Task item ->
Transcribe the listing below word for word but skip its images.
[[ The records, beginning ]]
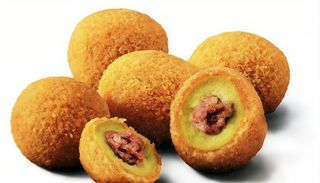 Olive ascolane 6 pezzi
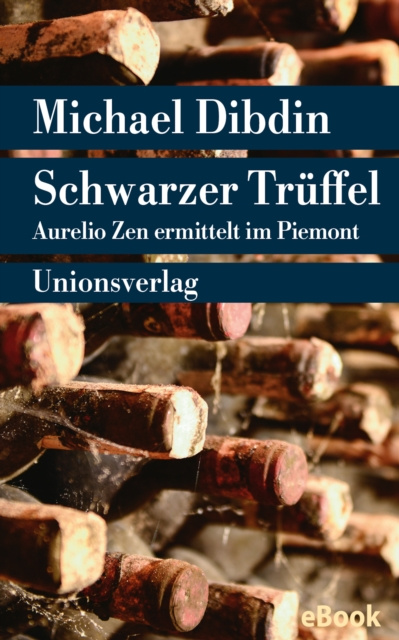 E-knjiga Schwarzer Truffel Michael Dibdin
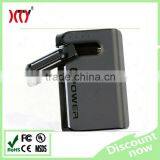 2016 Hot Sale 7800mah Portable Power Bank With Bluetooth Earphone thumbnail-5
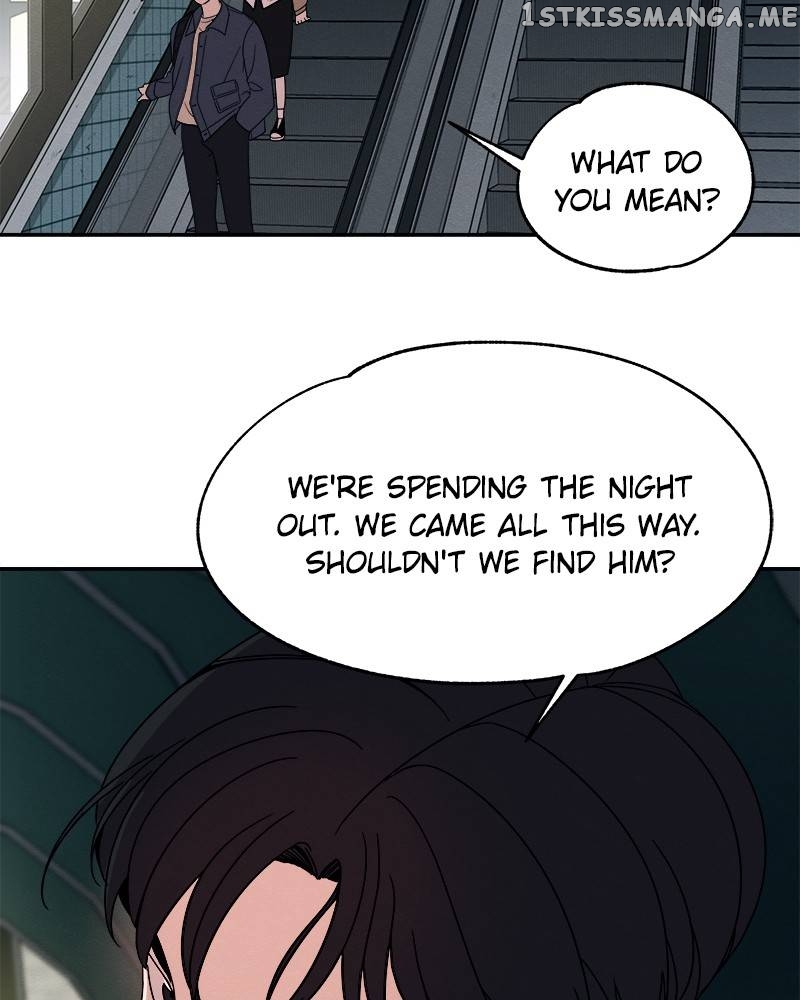 Fast Forward Chapter 17 - page 70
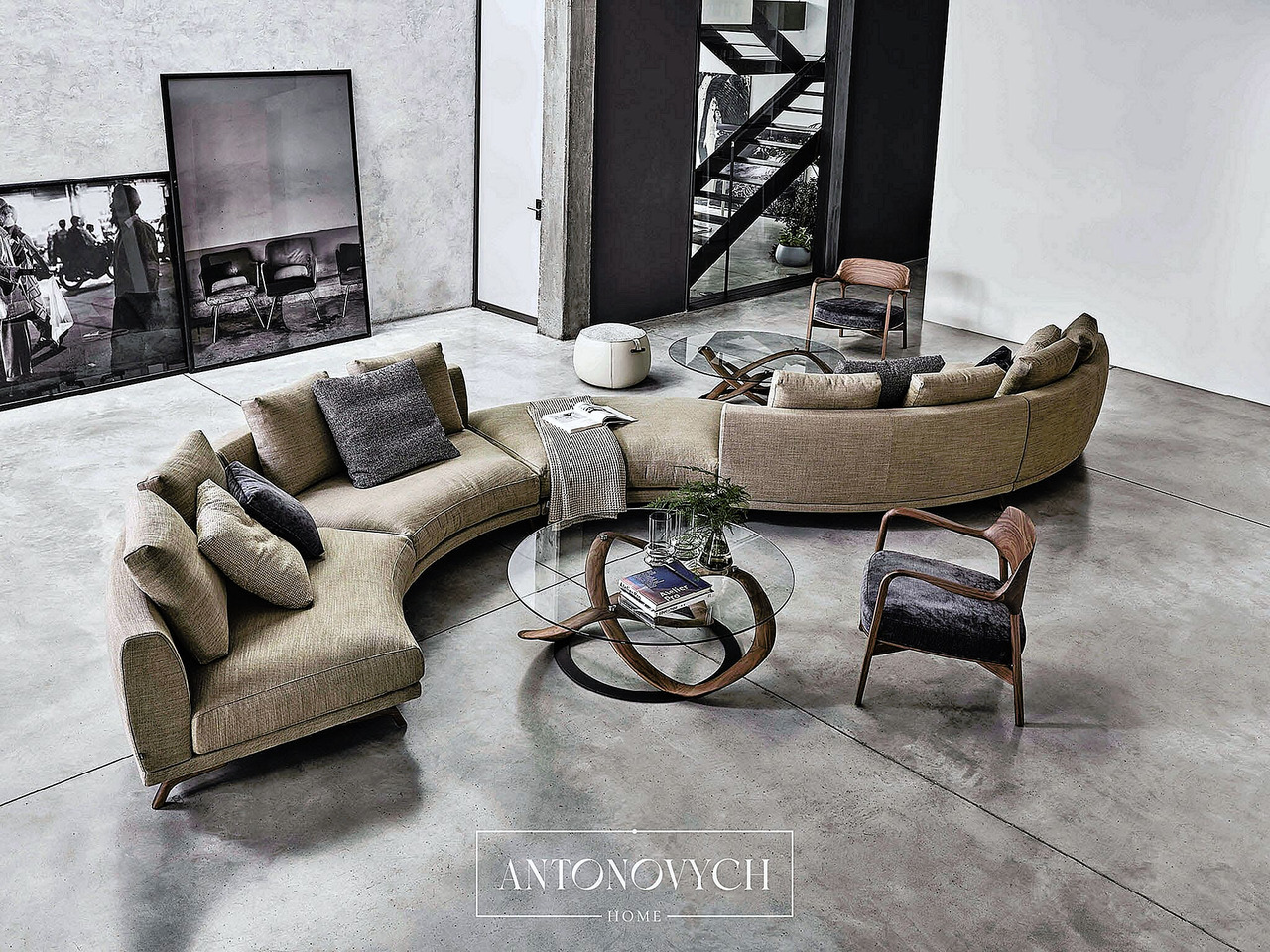 Porada Étienne Modular Sofa, view 12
[[ The records, end ]]
Answer area ->
 Olive ascolane 6 pezzi
 E-knjiga Schwarzer Truffel Michael Dibdin
 2016 Hot Sale 7800mah Portable Power Bank With Bluetooth Earphone thumbnail-5
 Fast Forward Chapter 17 - page 70
 Porada Étienne Modular Sofa, view 12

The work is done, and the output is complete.